Goldhersh looked at the former Israeli naval officer closely. Reuben had been part of an Israeli government that Goldhersh viewed as weak, as far too willing to compromise with Arabs. Here she was now, though, with an in-the-flesh member of the Israeli military. He placed an arm on Levi’s shoulder.

“Well, Chaim, I’d like to have you not too far away,” Abram said. “I was never in the military, you know, and I wouldn’t mind having somebody look at my warehouse who knows something about weapons and explosives. I got quite a deal on some drums of something labeled C4. I know that’s an explosive, but that’s about all I know.”

“C4? That sure is an explosive,” Levi answered. “We trained with that for commando operations in the navy. Half the C4 in the world is manufactured, or was manufactured, in Israel. It is a magnificent weapon as long as you remember that it packs a bigger bang than TNT. You can mold it like modeling clay. You can drop it from the roof and it won’t go off, but use the right detonator and its child’s play to make a big boom with it.

“I set off some great bangs in training. We’d leave our patrol boat at night, run a rubber boat up a beach and rush ashore to the target—all in training, never did it for real—stuff it with C4 and set the detonators, then run for the rubber boats.” He looked at the other man oddly. “How in hell did you get that stuff, Abram?”
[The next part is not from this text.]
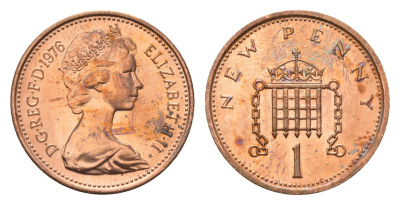 Великобритания 1 пенни 1976 Елизавета II (1952-2022) KM 915, Spink 4237 (B1) бронза UNC 4697-945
“Let’s just say that I spent a lot of time hanging around Army bases. I got to know some gentlemen marketing heroin. Once they learned how much more I’d pay for toys like that C4, they started taking payment from their soldier customers in goods rather than cash. That way they made money from both ends of the deal. It was all in a good cause,” Abram said. “I doubt the Army knew what it was missing.”

“Stop that kind of talk,” Sarah said, looking at her husband with a not-very-loving expression. “Boys and explosives and guns. Stop it.”

The huge man obeyed his wife’s command, for the moment. Levi saw Abram’s eyes light with excitement—not uncontrolled anger—when he talked about the drums of explosives in his warehouse. Drums of C4, Levi thought. That will get some attention.

Sarah interrupted Levi’s reverie.

“Debra, Chaim, I have an idea about a place where you two could stay. I’ll have to make a phone call first, but I think it could work out very well. Remember, Debbie, I told you that I knew somebody with a vacation cottage here in Brooklin? Well, she’s Nancy Lowenstein, married to Arthur Lowenstein. He’s the CEO or the chairman or something of KGR Insurance, that big insurance company that advertises all over TV and the newspapers. They have a summer cottage here on the water.

“I know Nancy from a fundraising campaign she and I managed together for Ethiopian Jewish children. It was so beautiful; those children are so beautiful. Imagine, black Jews. We raised over five million for them. Nancy broke her back working so hard, and broke her husband’s bank account. We had an event at their house here. Nancy told me they’d had their caretaker come by to turn on the water and electricity because they hadn’t been to the house in two years themselves.”

Sarah smiled at a memory.

“Nancy was so excited to do something for Israel. And she was charmed by an Israeli man who hinted that the money was not going to be used entirely to help poor black Jewish kids. Nancy thought he was involved with the Mossad—you know, the Israeli secret service?”